CISTERCIEN DE LA FIN DE L'ÉPOQUE ROMANE ET UN VITRAIL DE PIERRE SOULAGES

À CONQUES.

DANS UN VITRAIL ROMAN

Au Moyen-Âge, la lumière n'est pas connue pour être un ensemble d'ondes électromagnétiques, les photons ne sont pas à l'ordre du jour. A cette période, lumière cosmique et Lumière divine sont intimement liées en un va-et-vient incessant de significations et de symboliques. « Que l'âme cherche la Lumière en suivant la lumière. » dit St Bernard, et à propos du vitrail, il explique :

« Comme la splendeur du soleil traverse le verre sans le briser et pénètre sa solidité de son im-palpable subtilité, sans le trouer quand elle entre et sans le briser quand elle en sort, ainsi le Verbe de Dieu, Lumière du Père, pénètre l'habitacle de la Vierge et sort de son sein, intacte. »

L'art du vitrail qui s'appuie sur cette lumière, elle-même au centre du sentiment esthétique chez les théologiens médiévaux, trouve donc toute sa place dans les édifices religieux.
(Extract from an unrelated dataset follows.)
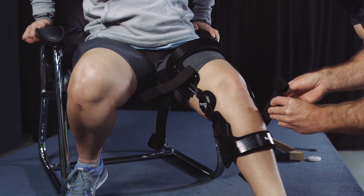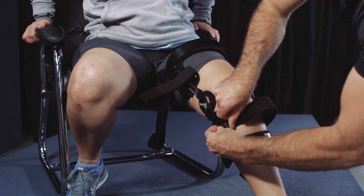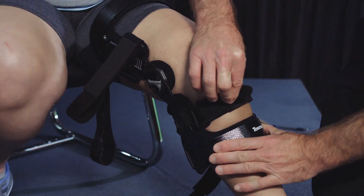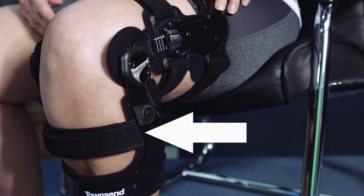Tighten the anterior tibia strap. The strap should be tight but not so tight that it pulls the hinges or the uprights too far anterior. If the hinges are properly aligned, the condylar pads should be located at midline on the sides of the knee or slightly posterior to midline. Remind the patient the strap should be left closed in the position you have set to ensure the brace is correctly positioned.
La lumière cosmique, incolore, qui traverse le vitrail coloré, image de la Parole, lui confère d'abord vertu d'enseignement par les images édifiantes représentées, puis devenue colorée et chatoyante, elle rappelle l'arc-en-ciel, symbole biblique d'alliance entre la terre et le Ciel ainsi que la description de la Jérusalem céleste faite par St Jean, transformant l'église en une sorte de Jérusalem terrestre.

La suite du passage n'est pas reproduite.